The allusion to “Tiny Alice” is from a play by Edward Albee by that name. The play is set in a vast mansion. A conspicuous element of the main set is a scale model of the mansion. References are made to the model seemingly confusing the map and the mapped.

Intel’s IA-64 architecture (Itanium) suggests such a map mechanism but implemented in software. They call it the virtual linear page table.

There is a problem in the above design, or perhaps an opportunity. Good classic memory maps (in my opinion) provide RO bits in table entries prior to the page table entry. In the TA scheme (above) entries at the beginning of the map play a curious double role. They at once define the real addresses of virtual memory, and they define where to find other such maps. How might we describe the meaning of a bit in a page table entry so that it restricts writes even to those addresses found indirectly thru the entry?

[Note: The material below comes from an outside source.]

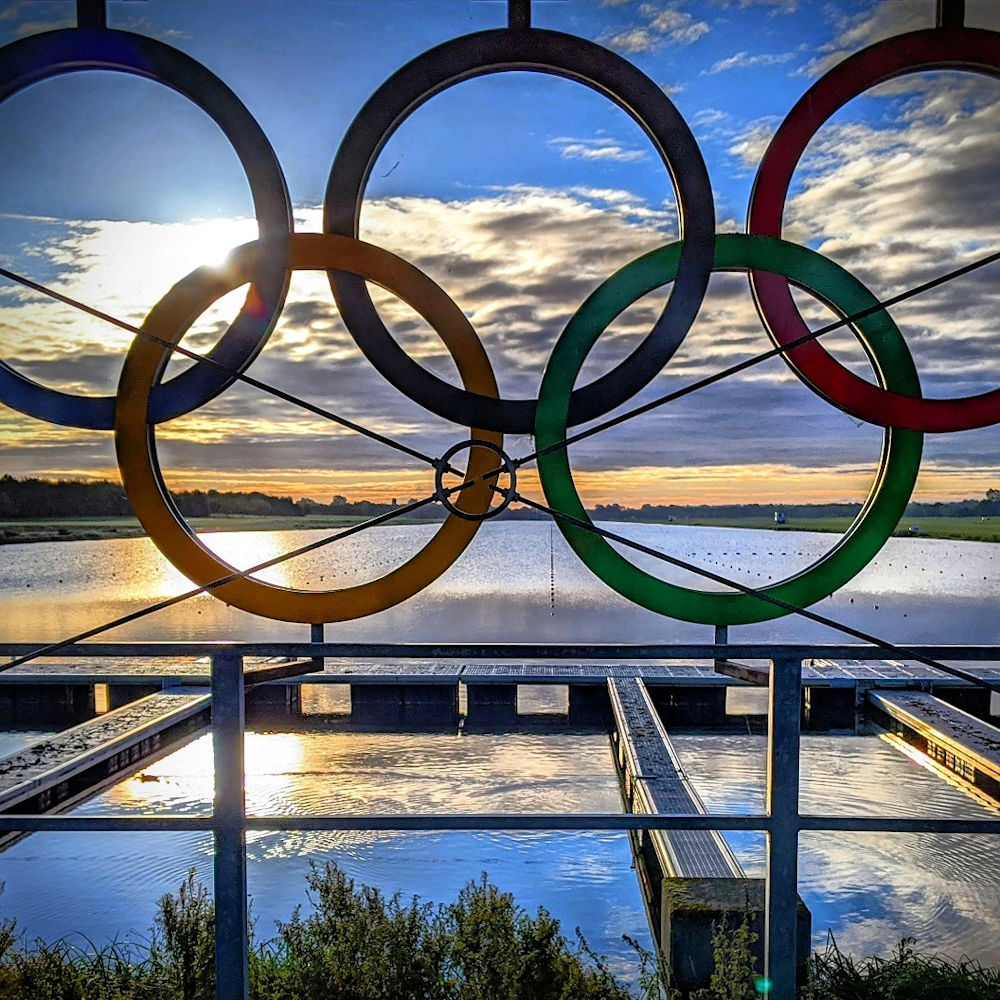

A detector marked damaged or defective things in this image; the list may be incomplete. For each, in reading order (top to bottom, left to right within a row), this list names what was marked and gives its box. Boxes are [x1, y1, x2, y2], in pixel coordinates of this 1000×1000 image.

rusty orange ring [116, 236, 500, 624]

I think that the solution is to provide a bit in each of the PTE and TLB that marks them sensory and provides “sensory access”. This idea comes from viewing the PTE page, as analogous to the Keykos node or EROS capage. The sensory PTE provides access to its page as the Keykos sense key provides access to its node. While Keykos data pages hold no capabilities, pages holding PTEs hold something very much like capabilities. These capabilities indeed do not reside in an address space out side the kernel. They are written (and read) by the kernel and read by the hardware. The TLB entry must have a “sense bit” marking that entry as sensory. TLB entries formed consulting sensory TLB entries must be sensory. Stores enabled by sensory entries must not be allowed.

I would design the hardware to switch context values upon interrupts to the kernel’s context and dispense with any mechanism such as the IA-64 Protection Key Registers.

The IA64’s 8 regions per space and the PowerPC’s 16 segments are each determined by bits at the left end of the effective address. These are translated into global ids by a small table and become part of the virtual address that is matched against entries in the TLB. This allows sharing of TLB entries that locate page frames of shared data. While the scheme that I describe here shares page tables and the work to build them, it does not provide TLB sharing unless combined with hardware such as the IA64 regions or PowerPC segments.

If locating the page table at virtual address 0 is awkward then the formula “k2 = (k1>>12)<<3” can be relaxed by “k2 = (k1>>12)<<3 + C” for some constant C. There will be an X such that X = (X>>12)<<3 and the hardware must be able to translate X without reference to the formula. X will be an address within the table.
This scheme does not obviously support different size pages such as provided by SPARC maps. In the 32 bit SPARC maps each entry in a mapping table may declare that it represents a page and not yet another level of mapping table.